# 270



## codfish (Mar 22, 2006)

Can anyone tell me if a 270 caliber is powerfull enough for moose


----------



## CoyoteBlitz (Apr 11, 2007)

I've heard it is tho I have never killed a moose with a .270 before. It also depends on your ability to make the shot.


----------



## Sasha and Abby (May 11, 2004)

It will turn one inside out. :wink:


----------



## jmillercustoms (Dec 11, 2007)

I heard once from an old hunter that a .270 was designed for taking elk and moose :huh: , me personally i would go bigger but I have no doubt that a well placed shot would easily do the trick


----------



## rlzman68 (Jul 14, 2008)

Place your shot but why risk it


----------



## GRUNTER HUNTER (Aug 9, 2007)

Load it up with 150's and you will knock a moose over no problems.


----------



## NDTerminator (Aug 20, 2003)

I killed a moose using a 270 & 150 grain Nosler handloads with no problem what so ever.
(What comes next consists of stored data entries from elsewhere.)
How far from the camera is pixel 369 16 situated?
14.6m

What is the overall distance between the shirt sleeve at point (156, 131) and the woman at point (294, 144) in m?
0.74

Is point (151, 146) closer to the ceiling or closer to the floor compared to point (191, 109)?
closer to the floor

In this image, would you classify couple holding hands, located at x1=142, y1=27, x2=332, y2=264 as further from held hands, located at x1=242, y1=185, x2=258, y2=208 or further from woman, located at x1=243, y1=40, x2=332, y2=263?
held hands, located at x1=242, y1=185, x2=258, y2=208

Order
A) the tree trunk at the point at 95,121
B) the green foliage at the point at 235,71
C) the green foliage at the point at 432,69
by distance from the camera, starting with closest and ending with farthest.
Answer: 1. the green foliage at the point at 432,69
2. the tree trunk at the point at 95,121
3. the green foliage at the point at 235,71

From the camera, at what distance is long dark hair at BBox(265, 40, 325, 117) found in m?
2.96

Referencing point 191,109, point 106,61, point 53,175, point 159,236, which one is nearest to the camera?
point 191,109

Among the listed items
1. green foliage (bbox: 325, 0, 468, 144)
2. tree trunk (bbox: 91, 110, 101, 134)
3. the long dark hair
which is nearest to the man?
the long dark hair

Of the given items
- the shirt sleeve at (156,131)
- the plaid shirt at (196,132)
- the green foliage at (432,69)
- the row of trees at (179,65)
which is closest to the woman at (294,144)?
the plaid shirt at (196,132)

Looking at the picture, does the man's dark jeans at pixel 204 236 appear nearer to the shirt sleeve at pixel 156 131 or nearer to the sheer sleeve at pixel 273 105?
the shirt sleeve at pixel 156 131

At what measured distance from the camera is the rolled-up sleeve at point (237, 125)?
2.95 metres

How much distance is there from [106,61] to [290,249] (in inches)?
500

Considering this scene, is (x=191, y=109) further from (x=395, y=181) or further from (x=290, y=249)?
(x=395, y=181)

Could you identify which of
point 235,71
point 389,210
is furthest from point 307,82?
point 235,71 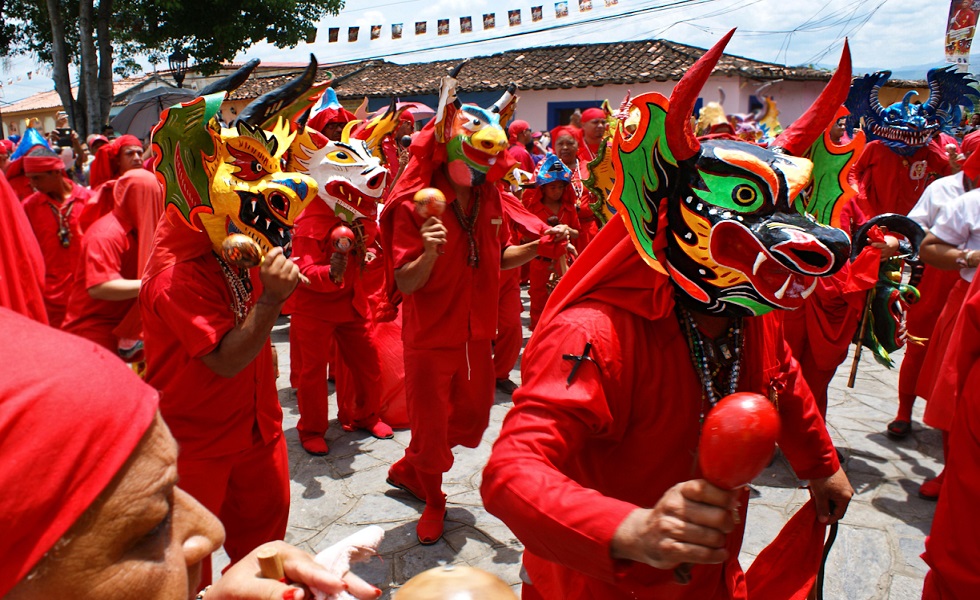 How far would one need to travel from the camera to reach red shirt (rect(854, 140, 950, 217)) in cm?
690

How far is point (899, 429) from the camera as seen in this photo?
18.6 ft

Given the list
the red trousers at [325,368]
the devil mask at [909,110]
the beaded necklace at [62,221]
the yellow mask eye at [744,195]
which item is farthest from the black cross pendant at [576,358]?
the devil mask at [909,110]

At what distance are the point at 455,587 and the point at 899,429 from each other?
5.58m

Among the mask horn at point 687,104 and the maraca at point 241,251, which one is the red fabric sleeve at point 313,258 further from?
the mask horn at point 687,104

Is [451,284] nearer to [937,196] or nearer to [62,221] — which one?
[937,196]

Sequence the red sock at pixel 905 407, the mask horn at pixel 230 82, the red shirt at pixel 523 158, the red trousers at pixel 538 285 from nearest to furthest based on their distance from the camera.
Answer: the mask horn at pixel 230 82
the red sock at pixel 905 407
the red trousers at pixel 538 285
the red shirt at pixel 523 158

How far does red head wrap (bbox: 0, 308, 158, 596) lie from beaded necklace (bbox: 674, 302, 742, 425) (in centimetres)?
153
Shot placement is key. No quartering shots and don't try to bust heavy bone, hold on until you get the critter flat broadside & standing still, then put it right behind the shoulder.

He won't fall right over and don't be surprised if doesn't react at all. Just stick him again, and again if needed. He'll simply do a slow motion collapse in a few seconds as long as you put your shots in the heart/ lung area.

Were I to have the opportunity again, this time I would use my 7MM Remington or better yet, my 338 Win Mag, neither of which I owned back in the early 90's when I drew the moose tag. I killed a big bull elk with that 338 a couple years ago and it was an impressive performance, just sledged him.

BTW, moose don't seem to have anywhere near the will to live & toughness of elk, or even whitetail deer...


----------



## Lil Sand Bay (Feb 2, 2005)

The only moose I've ever killed was with a .270 and 150gr. Stone dead. Just think of the thousands of moose that have been killed in Canada with a .303


----------